* [WHAT YOU WILL DO]: Would you please reproduce all the entries exactly, leaving the pictures out?

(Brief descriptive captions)

Content starts

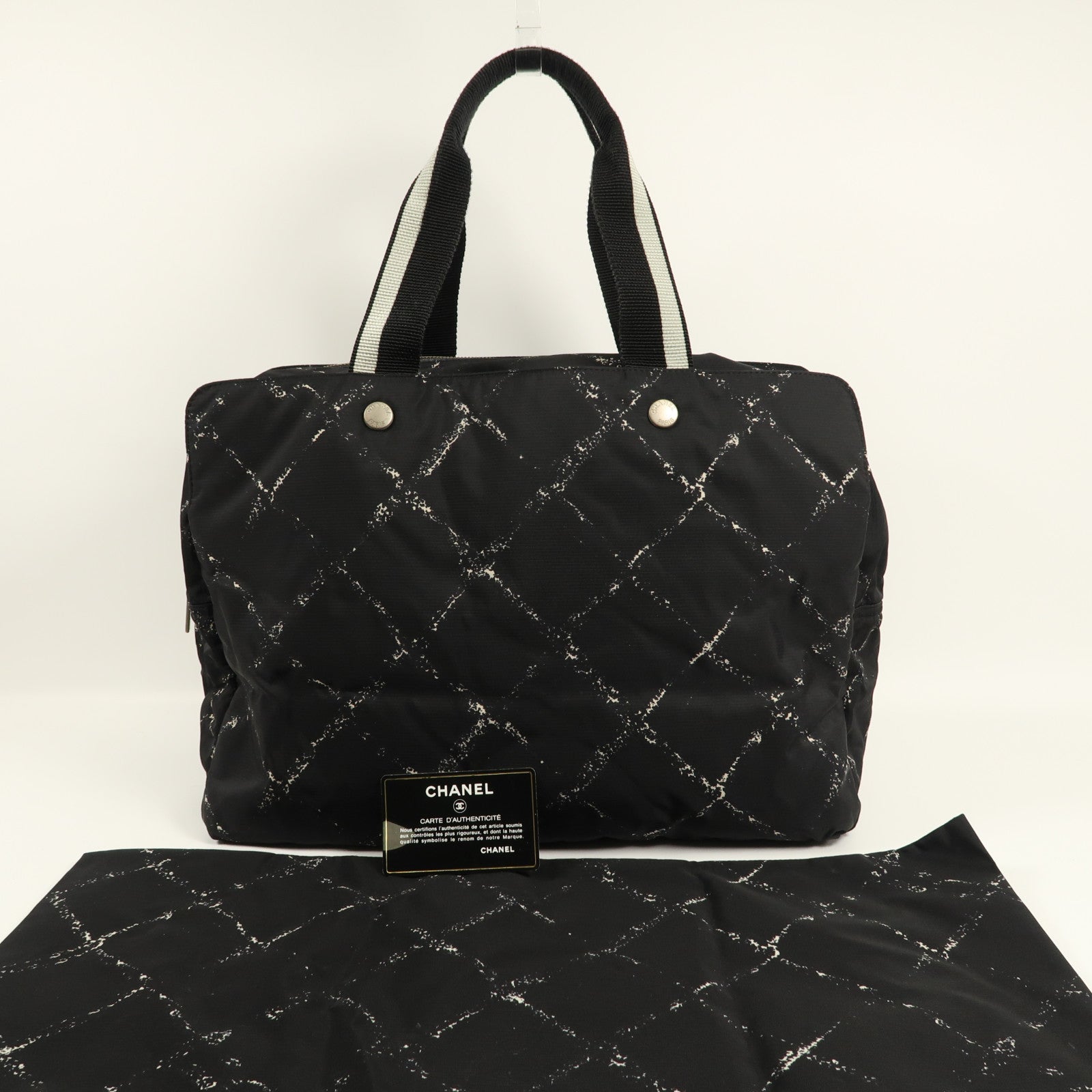 CHANEL 尼龍Travel Line Handbag銀扣手挽袋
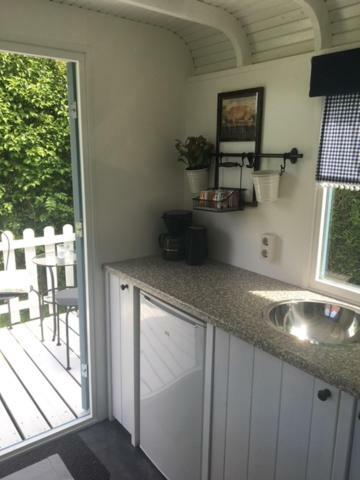 Shepherds Hut Oostvoorne Extérieur photo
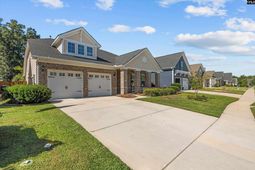 140 Fitzwarin Court photo 4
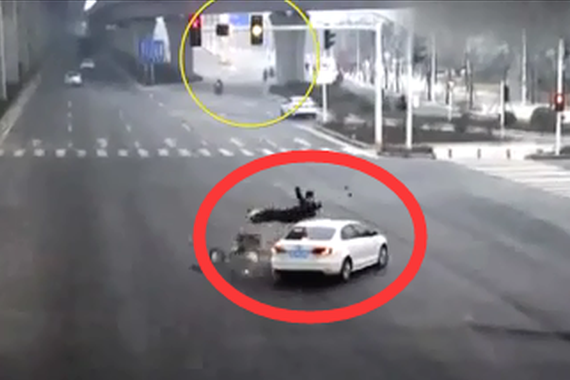 视频：抢黄灯遇上闯红灯！悲剧无法避免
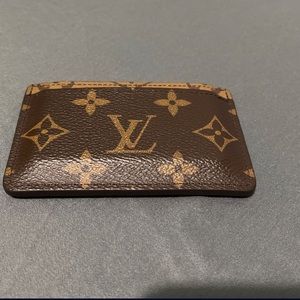 Luis Vuitton card holder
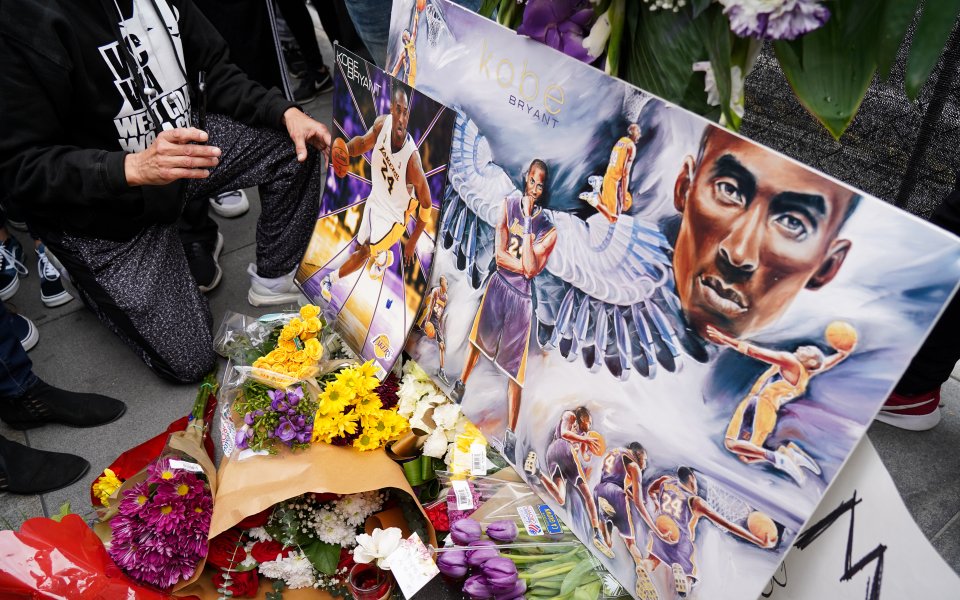 Смъртта на легендарният баскетболист Коби Брайънт шокира целия свят. Петкратният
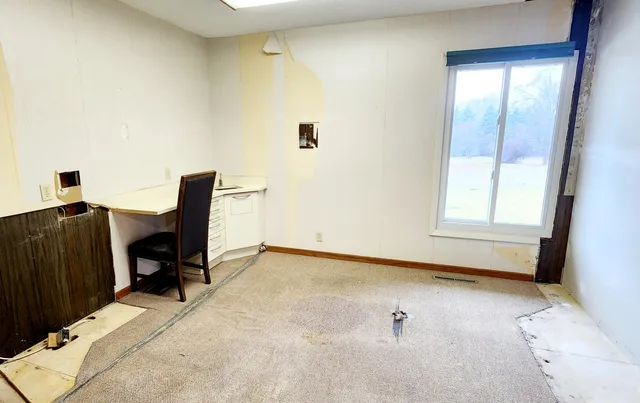 $174,900 | 13910 Highway 40, Gobles, MI 49055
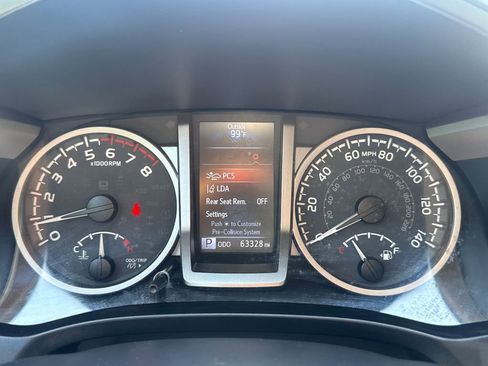 Used 2023 Toyota Tacoma SR5 RWD image 21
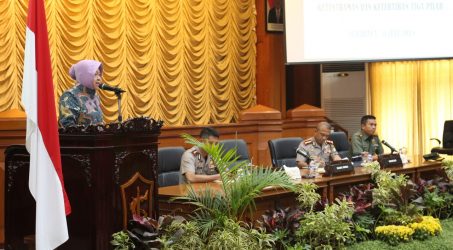 Kumpulkan Tiga Pilar, Wali Kota Risma Minta Pencegahan Terorisme Terus Digalakkan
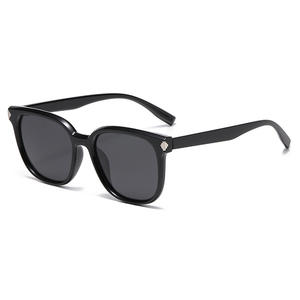Dl-28228 Gafas de sol polarizadas con montura cuadrada para hombre, color negro, Tr Metals Uv400, lentes Tac, parasoles de clase 2 para uso en exteriores - Product Image 1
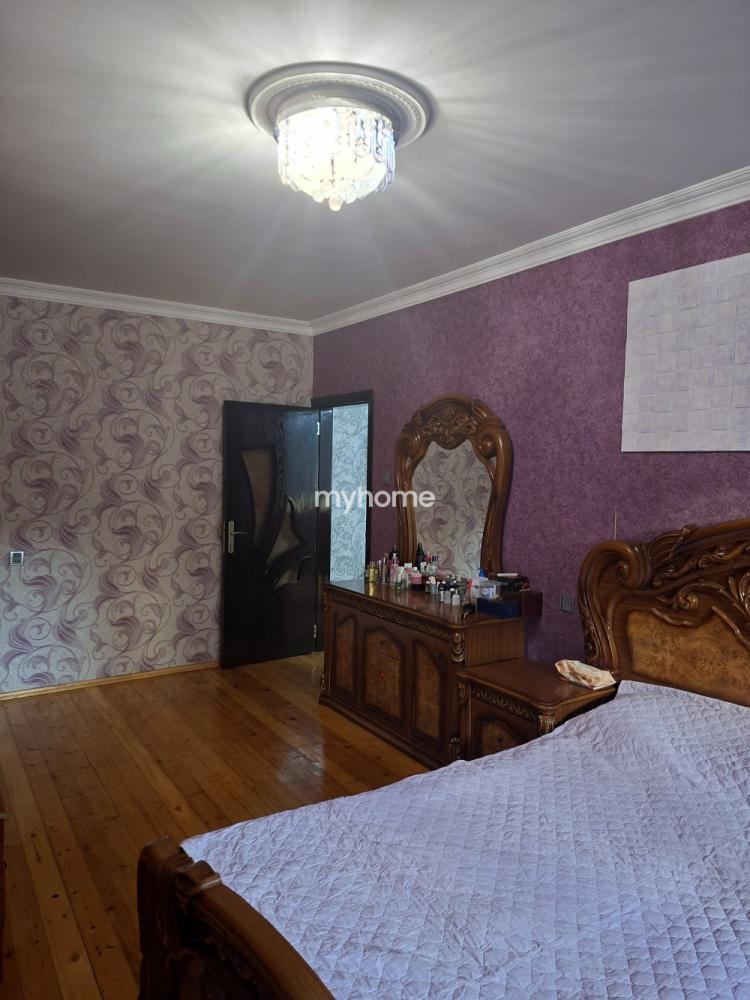 Qaraçuxur qəsəbəsində 130m² mənzil satılır Qaraçuxur qəsəbəsində 130m² mənzil satılır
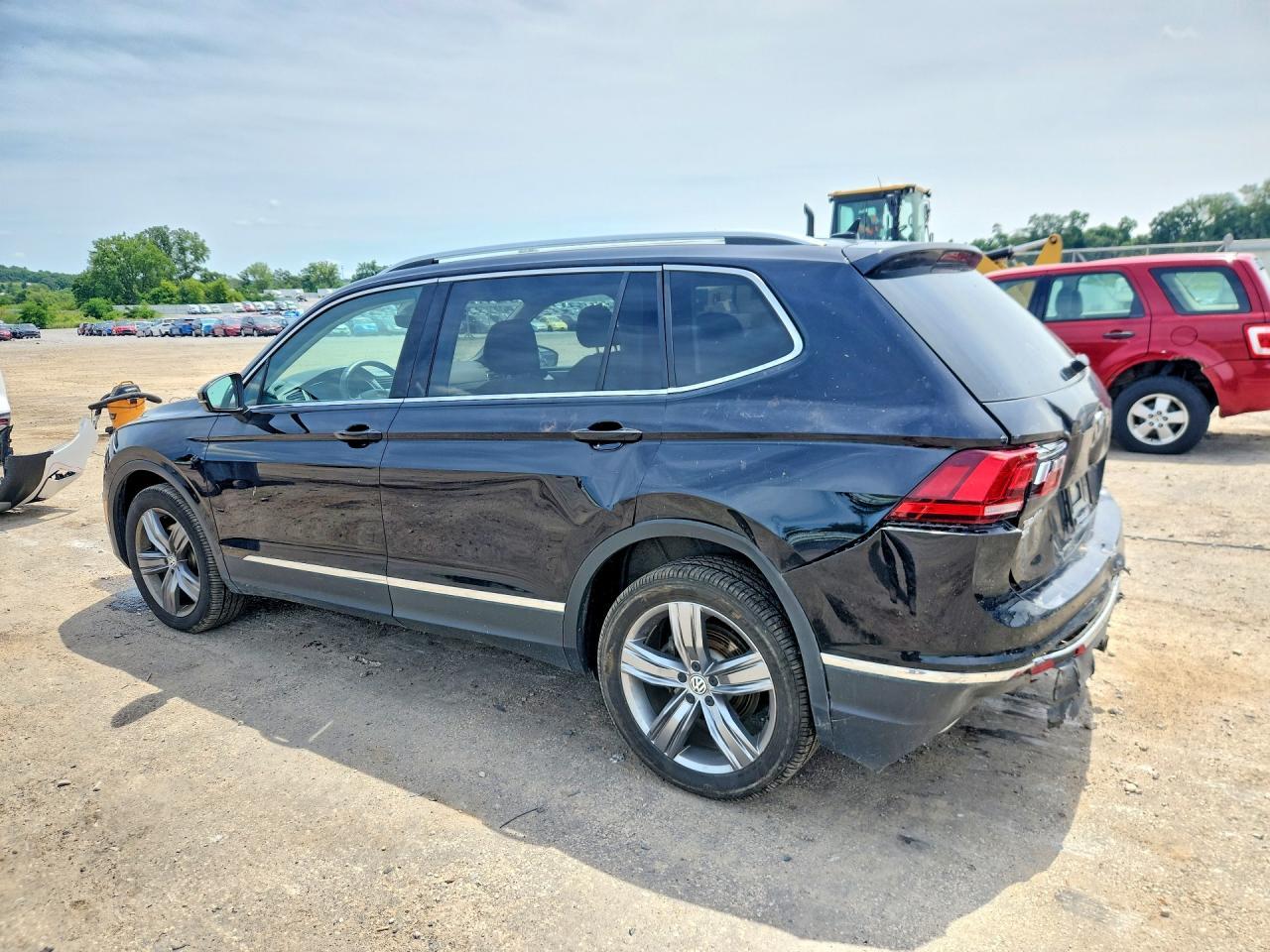 2019 Volkswagen Tiguan Sel Premium - Image 2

Content ends

* [SOLUTION FOR THIS PROBLEM]:
 CHANEL 尼龍Travel Line Handbag銀扣手挽袋
 Shepherds Hut Oostvoorne Extérieur photo
 140 Fitzwarin Court photo 4
 视频：抢黄灯遇上闯红灯！悲剧无法避免
 Luis Vuitton card holder
 Смъртта на легендарният баскетболист Коби Брайънт шокира целия свят. Петкратният
 $174,900 | 13910 Highway 40, Gobles, MI 49055
 Used 2023 Toyota Tacoma SR5 RWD image 21
 Kumpulkan Tiga Pilar, Wali Kota Risma Minta Pencegahan Terorisme Terus Digalakkan
Dl-28228 Gafas de sol polarizadas con montura cuadrada para hombre, color negro, Tr Metals Uv400, lentes Tac, parasoles de clase 2 para uso en exteriores - Product Image 1
 Qaraçuxur qəsəbəsində 130m² mənzil satılır Qaraçuxur qəsəbəsində 130m² mənzil satılır
 2019 Volkswagen Tiguan Sel Premium - Image 2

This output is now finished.